┌──

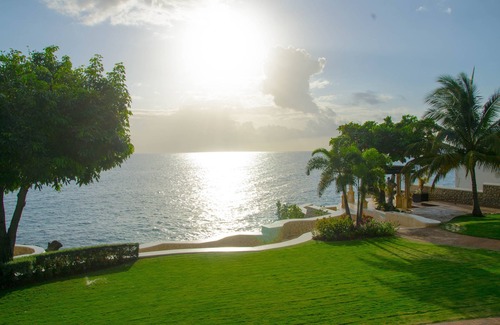 Whitehouse Villa | Villa Gilgal - Las posibilidades son infinitas ...
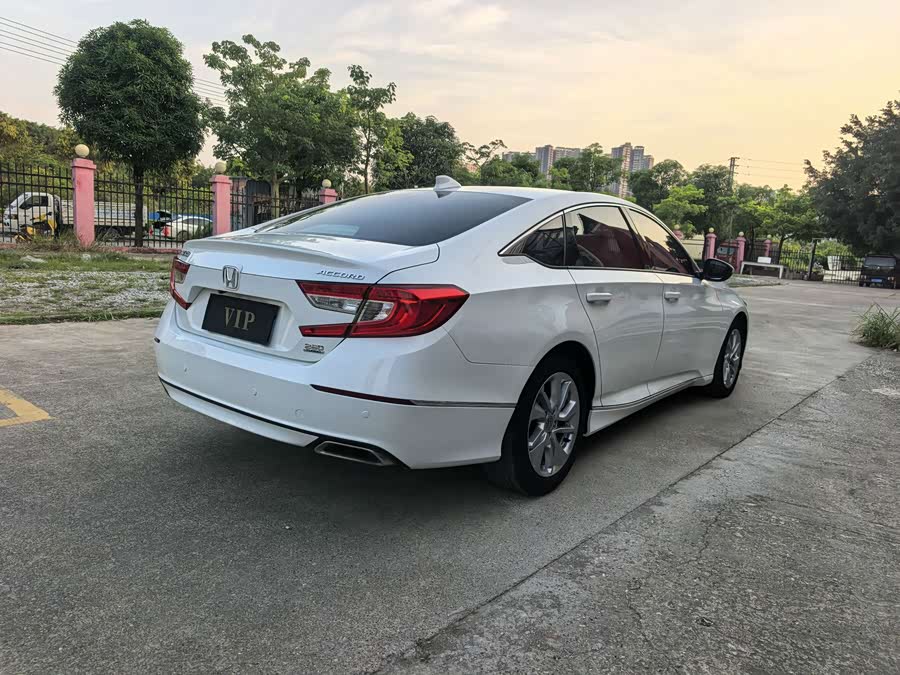 Honda Accord 2018, фото 7
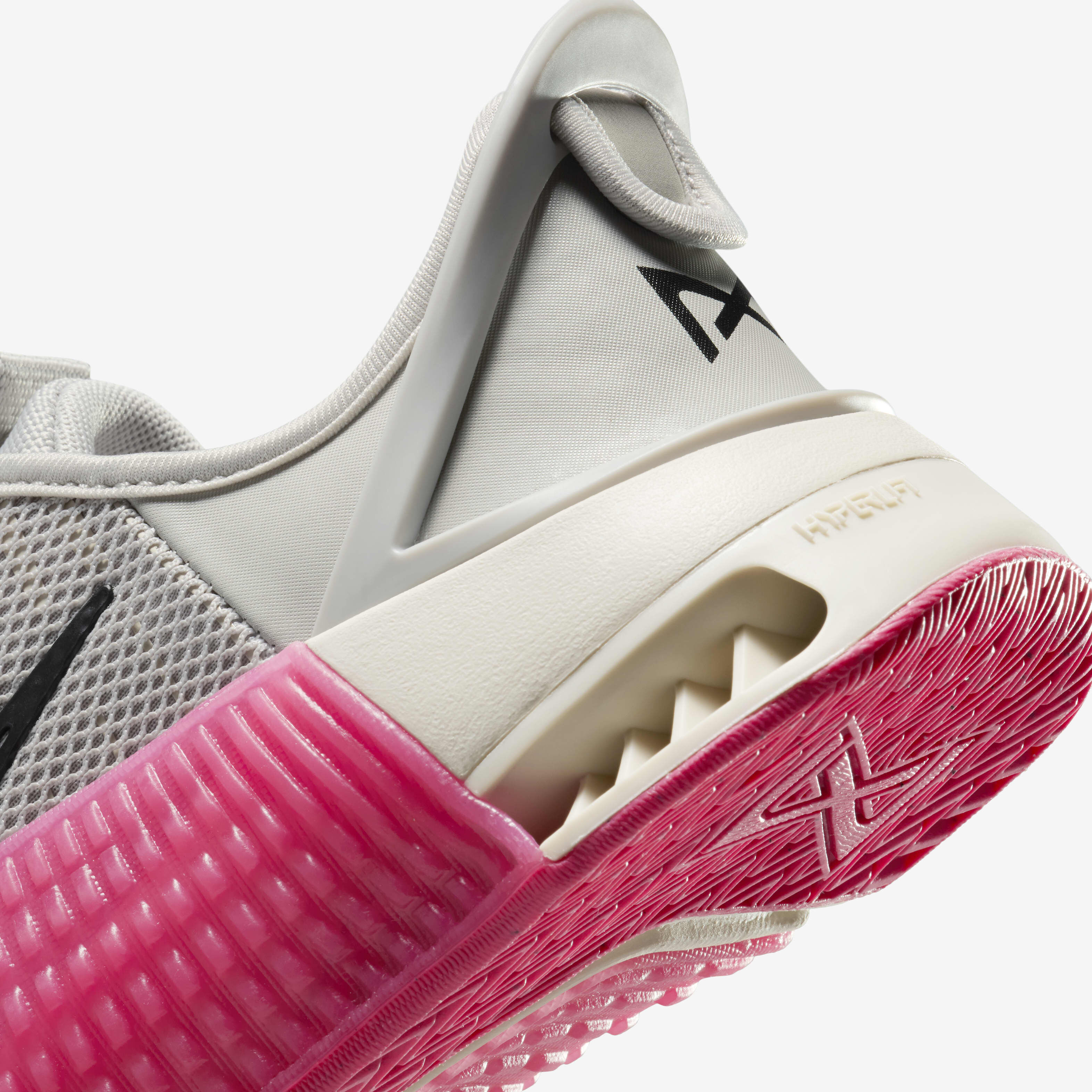 Buy Nike Metcon 9 EasyOn Women s Workout Shoes Light Iron Ore Light Orewood Brown Aster Pink Black Nike Kuwait Official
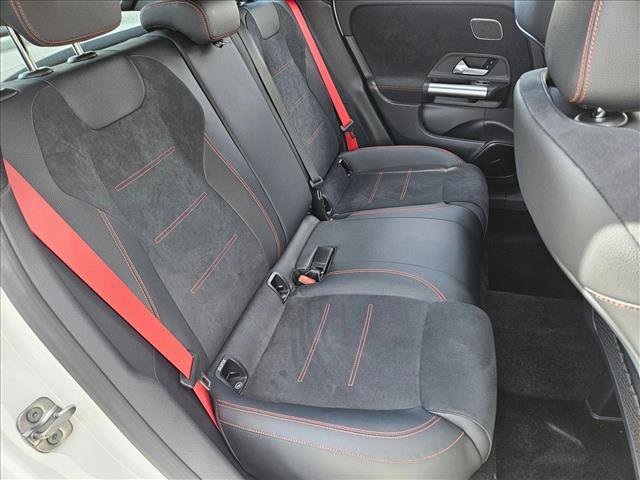 Used 2025 Mercedes-Benz GLA 35 AMG 4MATIC image 18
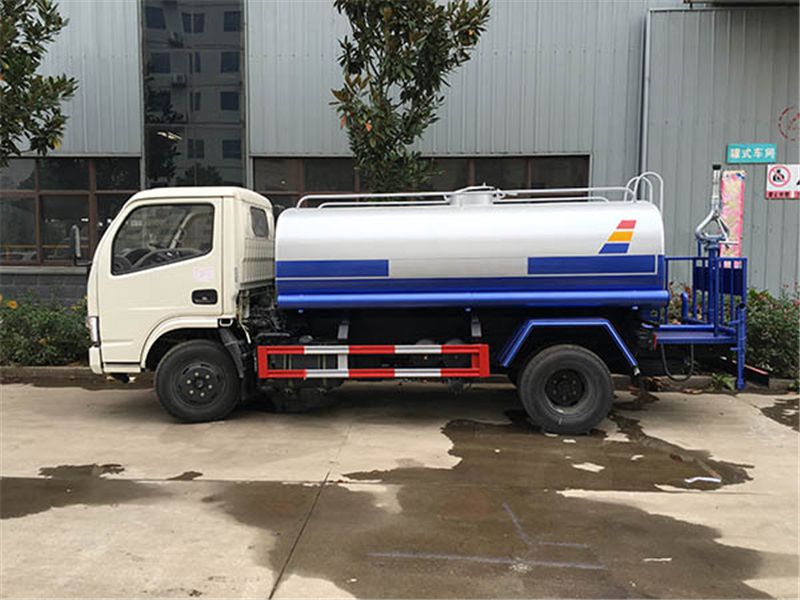 5噸灑水車平臺霧炮-霧炮灑水車多少錢一輛 5噸灑水車平臺霧炮-霧炮灑水車多少錢一輛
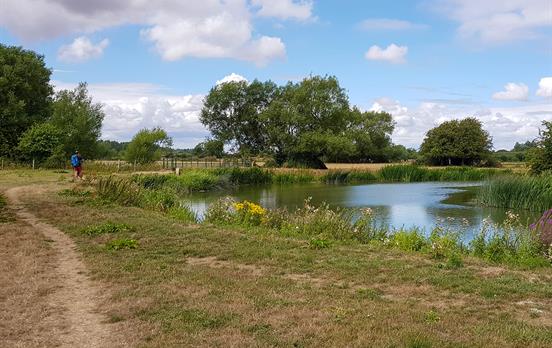 Gentle walking on the Thames path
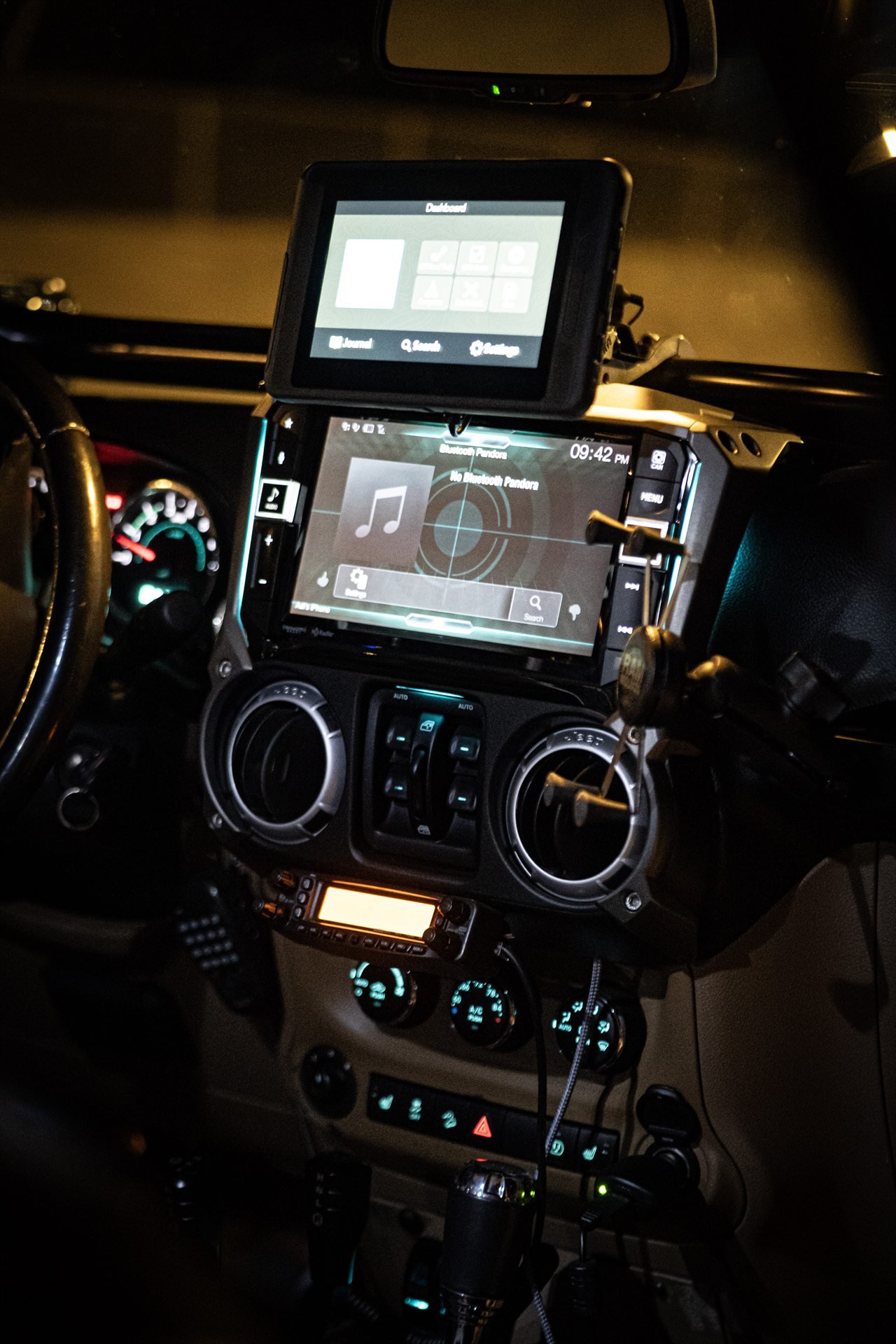 Center stack with Alpine stereo and sPOD controller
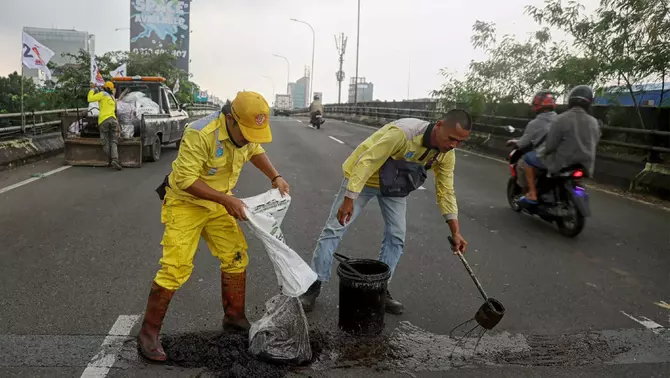 Petugas Suku Dinas (Sudin) Bina Marga DKI Jakarta, yang sering disebut 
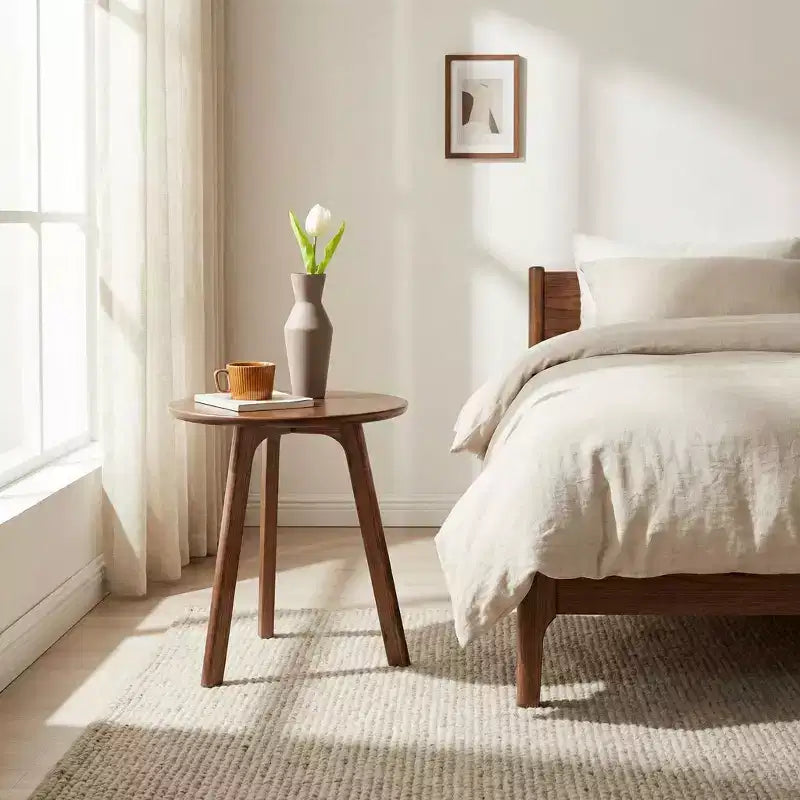 Tavolino rotondo in legno Homy Casa con design a 3 gambe per soggiorno o camera da letto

└──

Produce an exact copy of each line of data, skipping embedded images.

● **Reply**:
 Whitehouse Villa | Villa Gilgal - Las posibilidades son infinitas ...
 Honda Accord 2018, фото 7
 Buy Nike Metcon 9 EasyOn Women s Workout Shoes Light Iron Ore Light Orewood Brown Aster Pink Black Nike Kuwait Official
 Used 2025 Mercedes-Benz GLA 35 AMG 4MATIC image 18
 5噸灑水車平臺霧炮-霧炮灑水車多少錢一輛 5噸灑水車平臺霧炮-霧炮灑水車多少錢一輛
 Gentle walking on the Thames path
 Center stack with Alpine stereo and sPOD controller
 Petugas Suku Dinas (Sudin) Bina Marga DKI Jakarta, yang sering disebut 
 Tavolino rotondo in legno Homy Casa con design a 3 gambe per soggiorno o camera da letto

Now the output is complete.